Plymouth Michigan News
“The audit opinion is rock solid. The audit results this year are terrific.”
Canton Township has continued a 20-year record of excellence in financial reporting according to auditor Plante-Moran who presented the latest audit of township finances earlier this month to members of the board of trustees.
The township received the highest rating possible, an “unqualified opinion” from Plante Moran who placed the township near the top, if not at the top, among Michigan communities for its financial position and long-range blue print for spending. Michael Swartz, a partner in Plante-Moran told officials and trustees, “The audit opinion is rock solid. The audit results this year are terrific.”
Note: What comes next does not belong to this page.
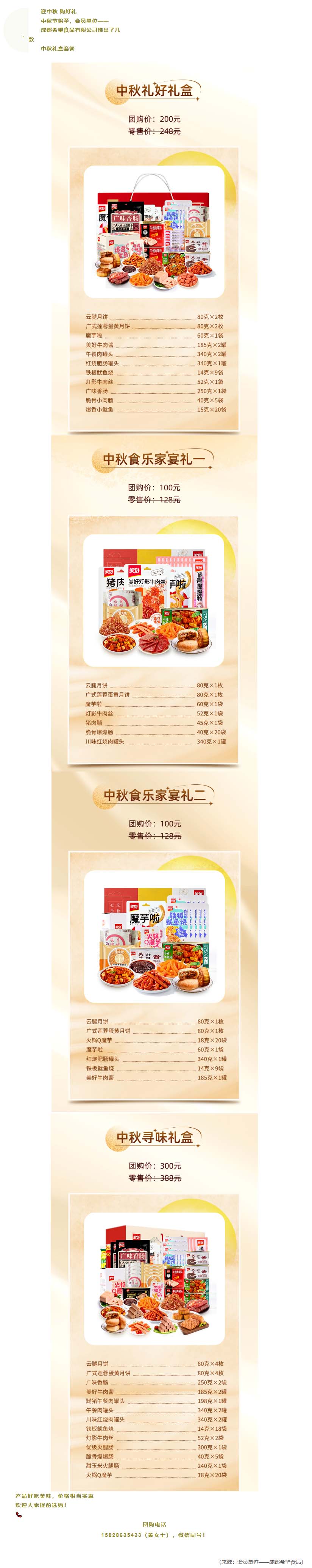 长截图_20260616_102128.jpg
Township Supervisor Phil LaJoy and other officials noted that there are financial hurdles ahead as the township faces rising costs for retiree health care costs and pensions.
The report from the independent auditing firm showed a decrease in spending from $25.7 million to $22.4 million for the one-year period ending Dec. 31. The unreserved budget surplus in the township rose from $3.8 to $4.6 million. Auditors said that the township had controlled spending and increased the general fund surplus. Finance Director Wendy
Trumbull cautioned the board members at the meeting, however, that “We still need to be careful over the next few years.”
The millage rate in Canton has remained at 10.4 mills since 2010 when board members approved a 1.75 mill increase for police and fire services.
Canton property tax revenue declined 2.1 percent last year and will remain almost flat this year, according to Plante Moran projections. Auditors said there could be a potential increase of 2 percent in 2015 and 3 percent in 2016.
Auditors also said that the taxable value in the township will not return to the 2007 levels until 2019.